### INFORMATION SHOWN ###
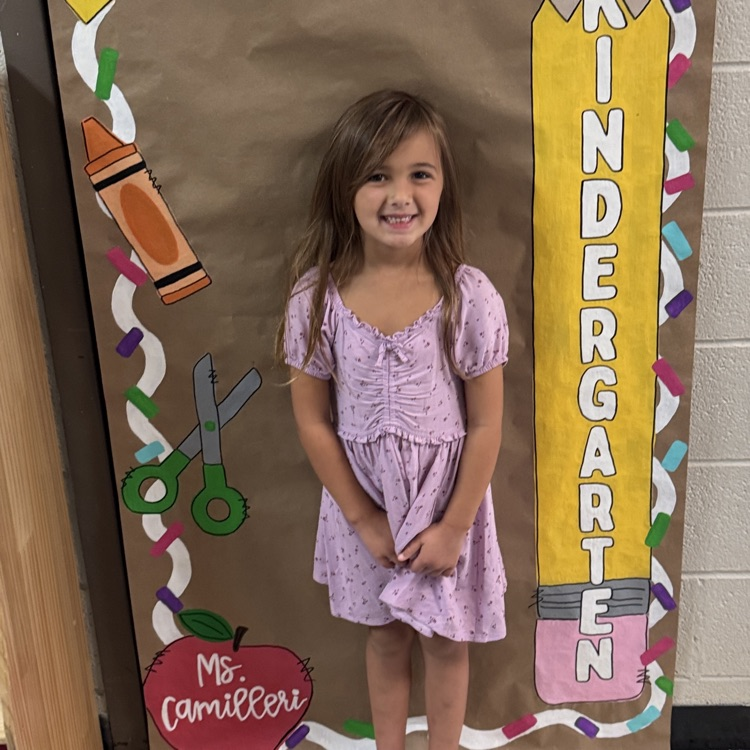 kindergarten student getting ready for kindergarten
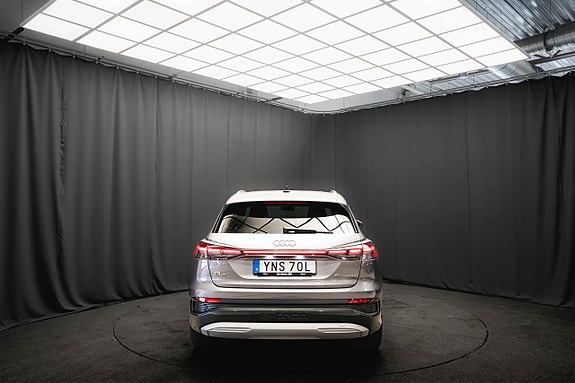 Audi Q4 e-tron 8 of 22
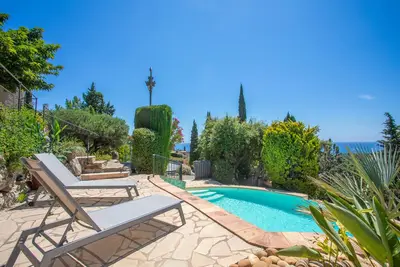 Villa 'La Colline' avec vue sur la mer, Wi-Fi et climatisation
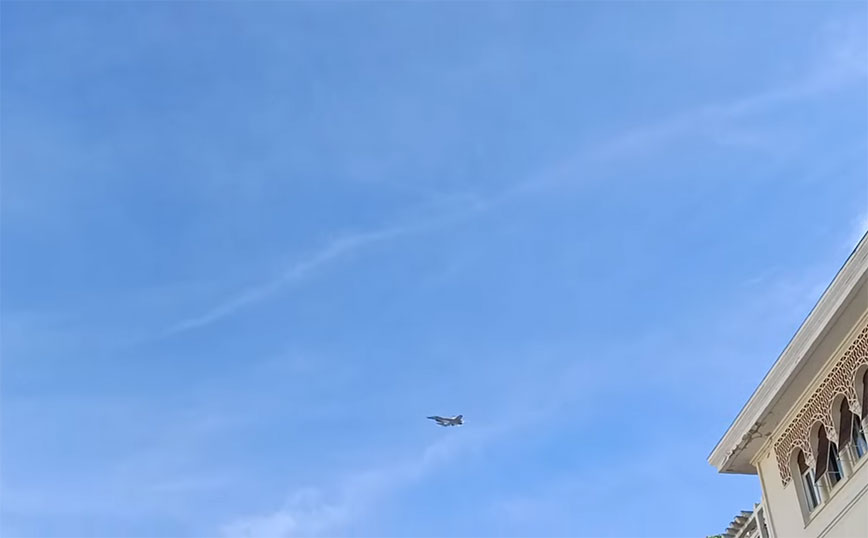 «ΖΕΥΣ» και Spitfire «έσκισαν» τον ουρανό της Θεσσαλονίκης πετώντας πάνω από τη μαθητική παρέλαση – Εντυπωσιακά βίντεο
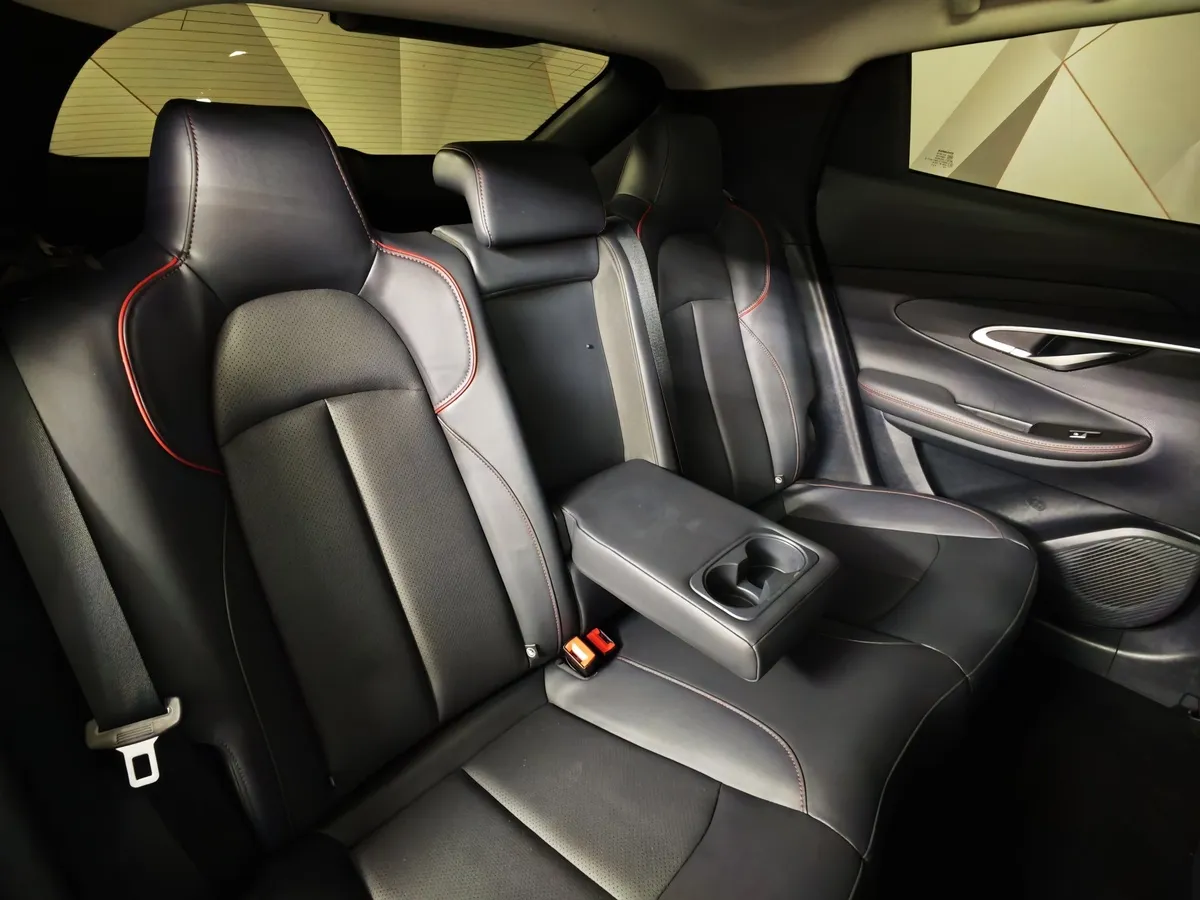 Changan UNI-T 1.5T 7DCT (181 л.с.) Tech Черный в АВИЛОН. Слайд №16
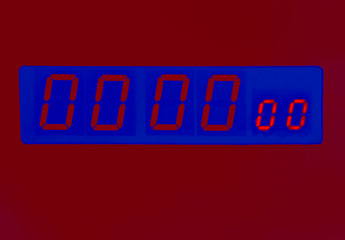 the digits zero on the indicator screen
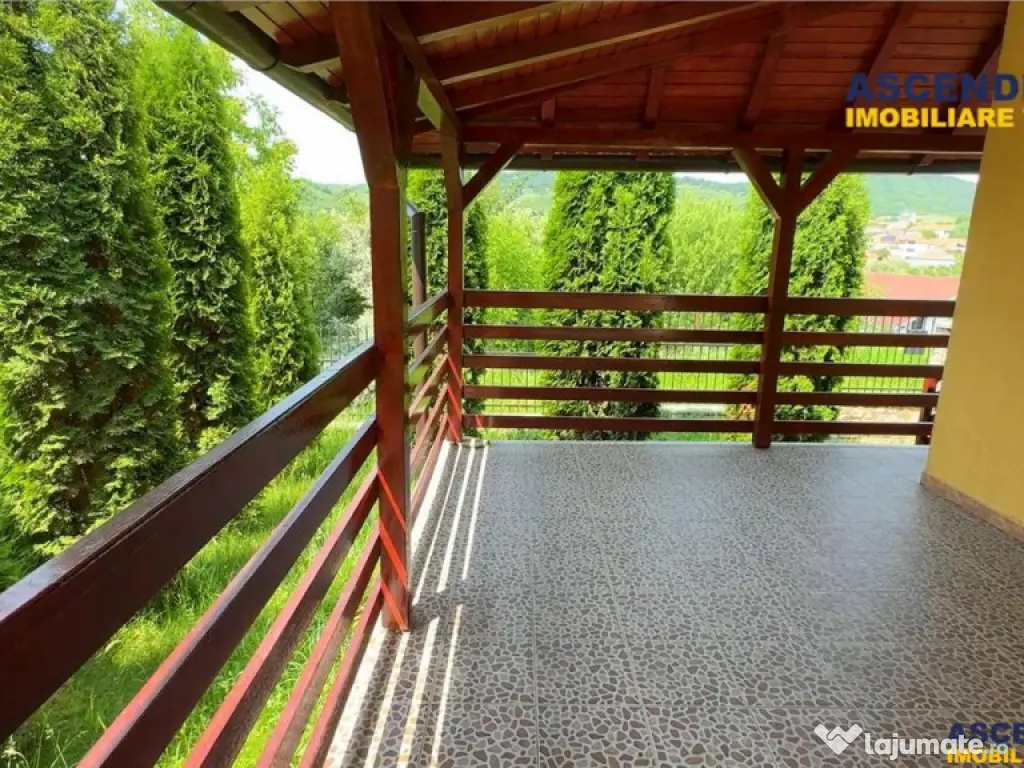 Vila cu dotari premium, vedere pretioasa,garaj,securizare,Co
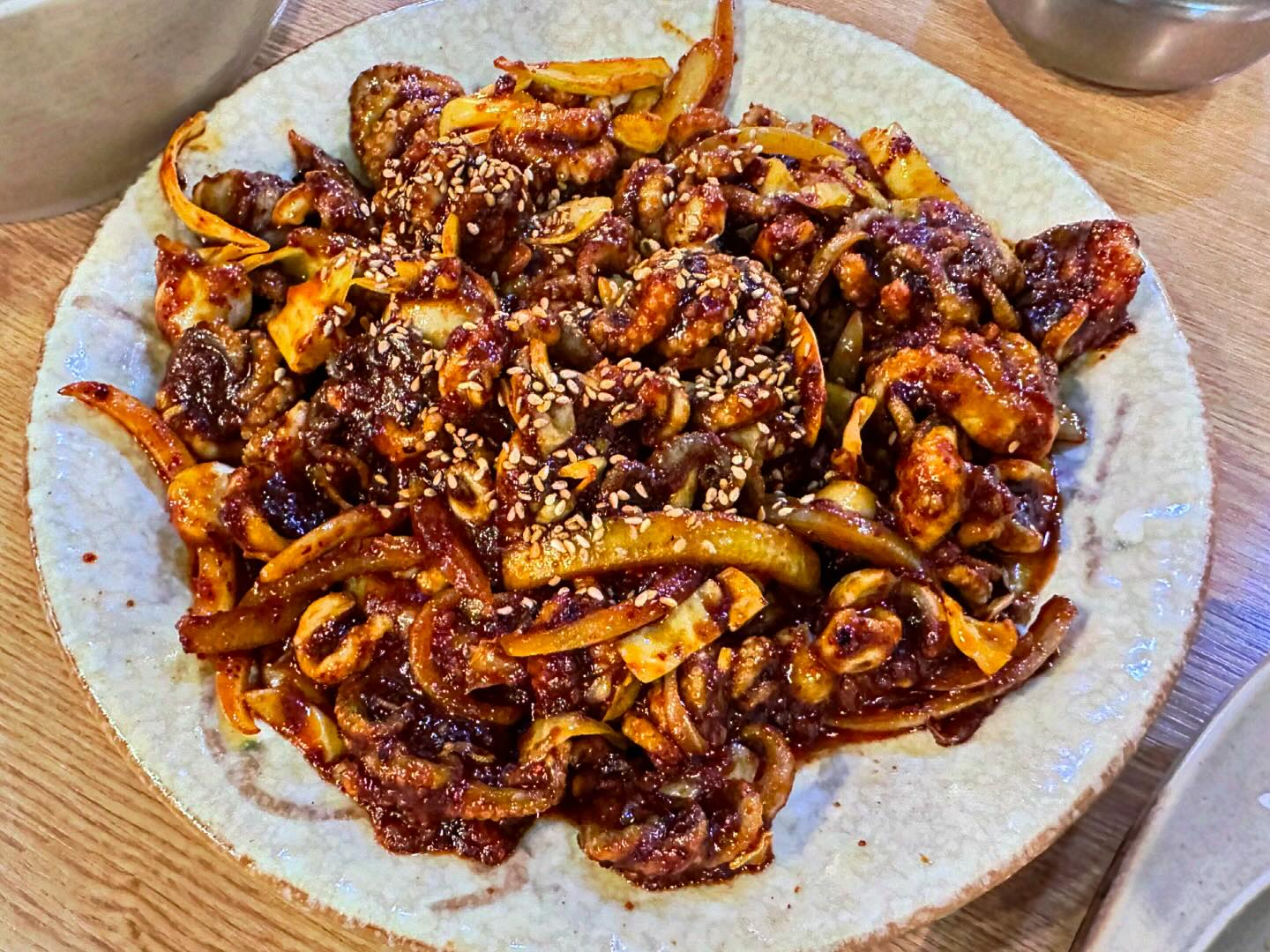 ⭐️만복이쭈꾸미낙지볶음 경주점⭐️

경주에서 쭈꾸미볶음 하면 모두가 
만복이!!!!를 외칩니당😁

맛있다고 말하기도 입아파ㅠ
한번 먹으면 자꾸 생각나는 맛집이라
점심시간에 늦게가면 자리 읍슴..^^

순한맛,보통맛,매운맛 있는데
보통맛도 매콤한데
쟈미쓰는 스트레스 풀리게 매운맛으로 먹어용😋
콧물 질질 흘려가며 먹는 쭈꾸미ㅎ

밥에 쭈꾸미듬뿍 밑반찬들도 듬뿍 넣어서
비벼주면 세상 맛있어!!!!!😋

쭈꾸미볶음이 얼마나 맛있고 부드러우면
할머니 할아버지도 엄청 많이 오시고
모임이나 단체로도 많이 오시기 때문에
언제가든 만석!!! 
맛집답게 손님들 미어터짐ㅋㅋ

사이드메뉴로 새우튀김은 필수!!
어린이돈가스도 먹어봤는데 
진짜 맛있..ㅎ
양념이 진짜 맛있기때문에 우동사리 비벼비벼〰️

쟈미쓰는 입맛없을때 만복이가면
가출한 입맛 바로 돌아옴ㅎㅎ
근데 가출한적 잘 없어서 
생각날때마다 만복이 가버리깅ㅋㅋㅋ̤̫ㅋ̤̮ㅋ̤̻ㅋ̤̫ㅋ̤̮

아직 만복이 안가보셨다면
줴발 가보세요💖😋 

#경주 #경주맛집 #경주맛집추천 #경주맛집투어 #경주현지인맛집 #경주로컬맛집 #경주가볼만한곳 #경주시내맛집 #경주노동동맛집 #경주쭈꾸미맛집 #경주쭈꾸미볶음 #경주만복이 #경주만복이쭈꾸미 #경주만복이쭈꾸미낚지볶음 #경주황리단길맛집 #경주밥집 #경주모임장소 #경주시내밥집 #경주시내 #경주낙지볶음맛집 #경주철판쭈꾸미맛집 #경주철판낙지볶음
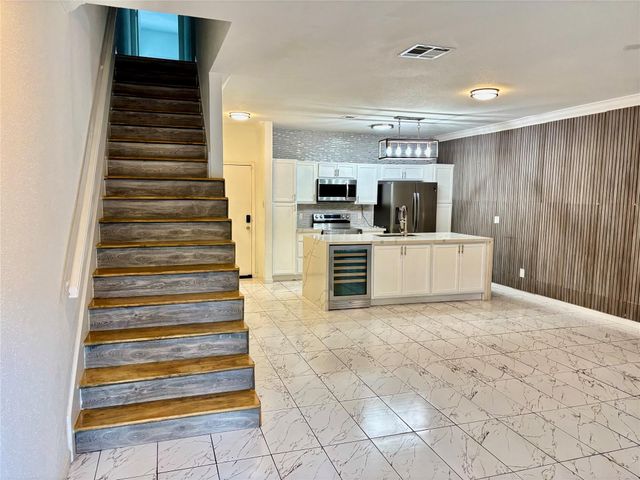 6000 Reims Road 2202, Houston, TX 77036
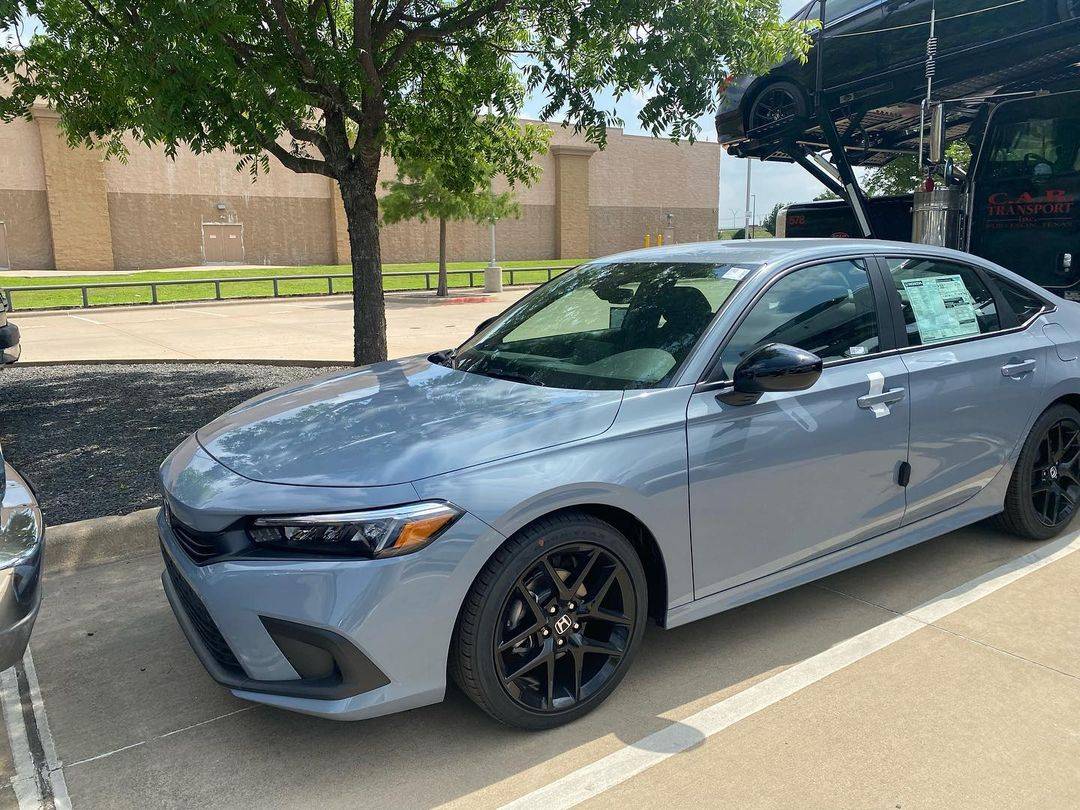 11th Gen Honda Civic Official SONIC GRAY 2022+ 11th Gen Civic & Si Thread 199796948_304576951321130_912675133323395416_n
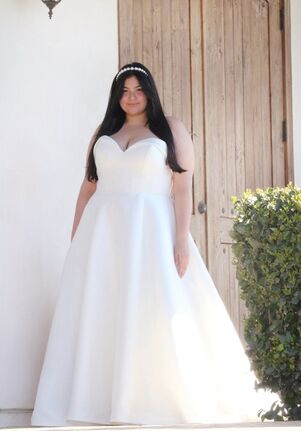 Essense of Australia D3320 plus Ball Gown Wedding Dress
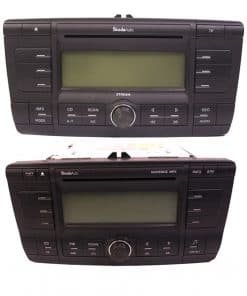 Skoda Autoradio Doppel-Din mit Touchscreen und Bedienelementen, geeignet für den Einbau.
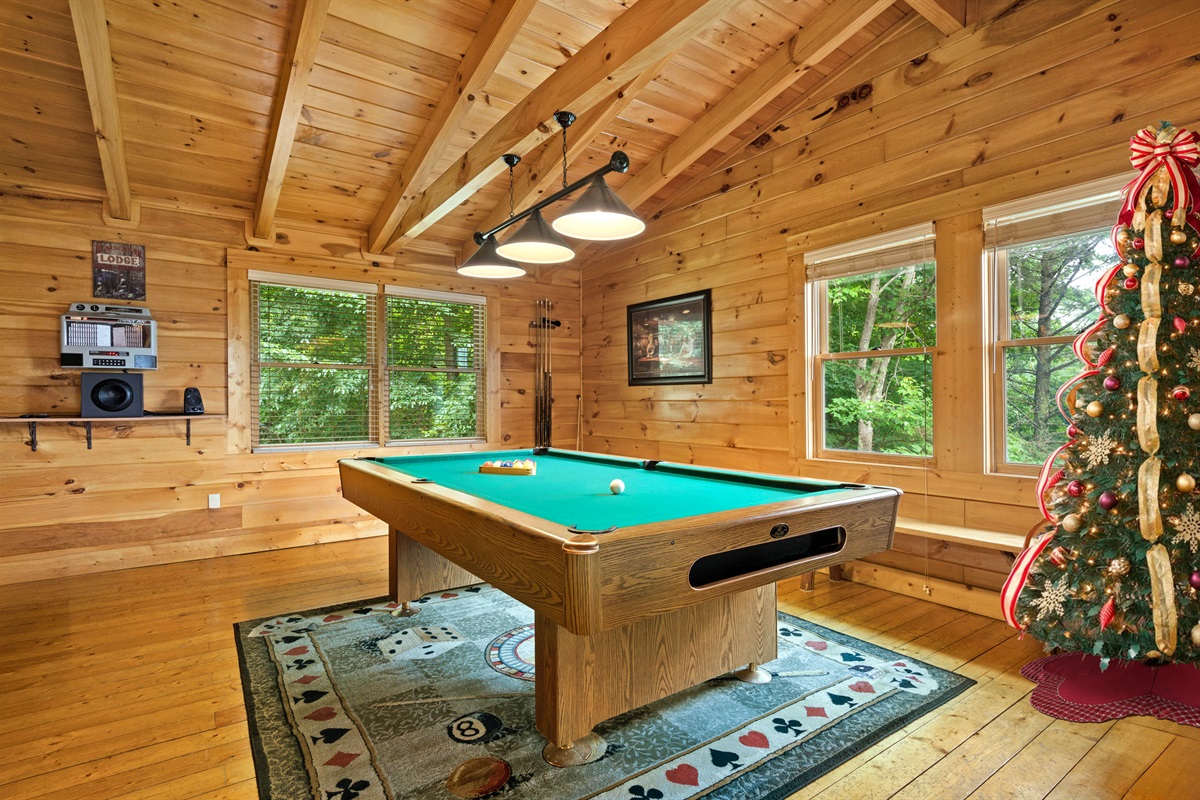 Jukebox and 8ft pool table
###
Look through the data above. Find each line with the string "쟈미쓰는" and copy it.

» RESPONSE:
쟈미쓰는 스트레스 풀리게 매운맛으로 먹어용😋
쟈미쓰는 입맛없을때 만복이가면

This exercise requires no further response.